Entrevista – Francisco Turra
O presidente da Ubabef, Francisco Turra, pontua que a cooperação será fundamental para a superação da crise. Ele também elenca o crescimento do setor para os próximos anos com um dado relevante para a recuperação. Segundo ele, a produção de proteína animal do Brasil deve suprir 40% da demanda que o mundo terá nos próximos anos. Além disso, o comportamento do mercado, interno e externo, é favorável, uma vez que volume de vendas de carne de frango – junto à suína - foi aumentado em decorrência da escassez da carne bovina. Confira a entrevista:

O Nacional – Existem negociações da Doux com outros grupos?
Francisco Turra -
Pelos levantamentos que fizemos, não há absolutamente nada de concreto sobre negociações em andamento. Não tenho dúvida que se os controladores optassem pela venda surgiriam compradores pela excelência das plantas e pelo bom desempenho do setor.

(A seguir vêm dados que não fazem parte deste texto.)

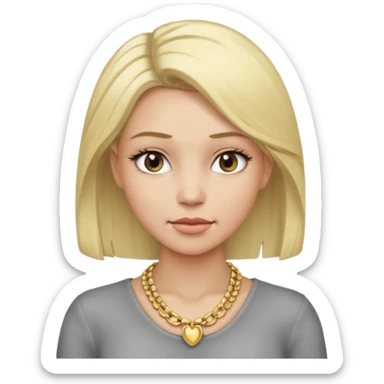 Female with Gold Necklace, grey skin,blonde hair, different expressions. sticker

ON - O que o fechamento de uma empresa do tamanho da Doux Frangosul representaria para o Estado e principalmente para a região de Passo Fundo?
FT -
O fechamento de uma empresa sempre é perverso e seus efeitos variam pela importância. Imaginem o que seria destruir toda uma estrutura avícola, integrados, transportadores, terceirizados e a empresa. Inimaginável pensar e impossível calcular o dano. Não podemos trabalhar com esta hipótese.

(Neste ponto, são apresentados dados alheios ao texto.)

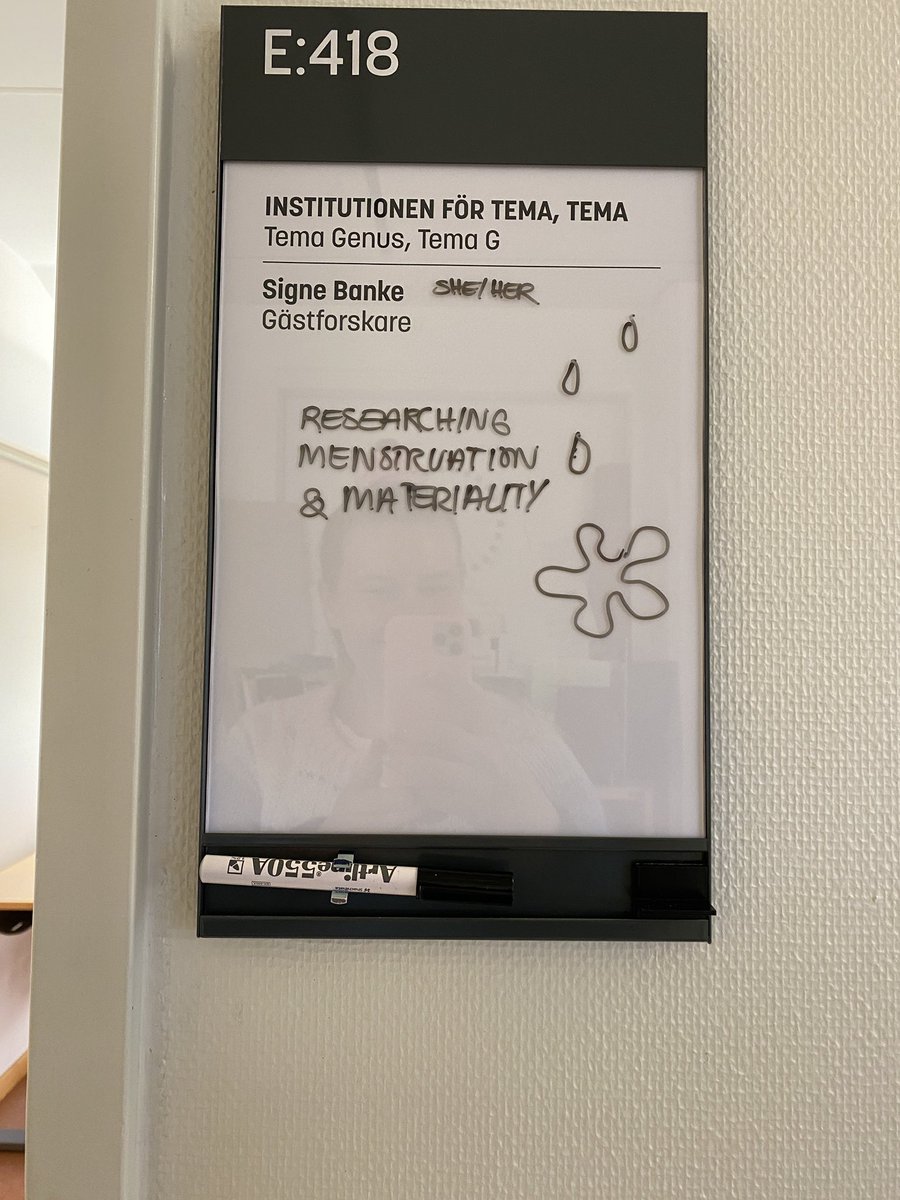 Just got the keys for my office for the next two weeks here @LiuTema at Linköping University, where I am excited to share my research with the Tema Genus group and to continue the more-than-human discussions Ericka Johnson and I started last Monday. 🩸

ON - Existem empresas capazes de absorver os excedentes de capacidade de produção e de pessoas que ficariam desempregadas caso a crise se agravasse e a empresa fechasse as portas?
FT -
Num primeiro momento não há como acomodar produção, industrialização pelo porte da empresa Doux. Também os problemas atuais de logística seriam um complicador. Não se trata de absorver uma parte do negócio, porque isto não contemplaria a necessidade de abrigar toda essa estrutura.
 
ON – O senhor afirmou várias vezes que a crise deverá ser superada.  Como deve ocorrer esse processo?
FT -
A crise é cíclica. 2009 foi ano de crise e já vivemos muitas. A crise deixa sempre vítima e empresas surpreendem crescendo na crise e outras capitulam na crise ou depois. Mas temos que entender que na vida das empresas, as melhores do mundo, sempre há períodos de dificuldades e tanto a empresa quanto os que dependem dela devem trabalhar sempre com espírito de recuperar e não de perder, de entregar. Assim devemos pensar sobre a Doux Frangosul que no Brasil tem uma atratividade grande e sempre foi dirigida por pessoas honestas e bem intencionadas. Lá fora não conheço, mas mesmo o controlador Charles Doux sempre me causou a melhor das impressões e seu conceito na Europa é o melhor imaginável.

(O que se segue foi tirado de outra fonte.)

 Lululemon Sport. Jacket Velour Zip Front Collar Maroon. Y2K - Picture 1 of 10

“Não podemos abrir mão da Doux em Passo Fundo”
Para o secretário de Desenvolvimento Econômico, Marcos Cittolin, a empresa representa uma das cadeias produtivas importantes para a região. “Ela movimenta desde uma cadeia de ração produção de frango no setor primário, mas o grande impacto é a indústria. Ela é uma das grandes contribuintes no retorno de ICMS do município e também é uma das grandes empregadoras, especialmente o emprego de menor qualificação que é importante pra nós. É um emprego que traz uma massa salarial que irriga o comércio e o mercado local”, observa. A Doux, junto com a Semeato, a Kuhn e a Bunge, colocam a cidade em um importante patamar de exportações, por isso é considerada estratégica para o município.  “Sabemos que o Grupo Doux é forte e está passando por uma sazonalidade, um momento de dificuldade”, opina o secretário. Cittolin lembra ainda que até o momento a crise da empresa envolve as cidades nas quais estão concentrados os produtores rurais. Em Passo Fundo o impacto será maior se a crise persistir e atingir o funcionamento interno da empresa.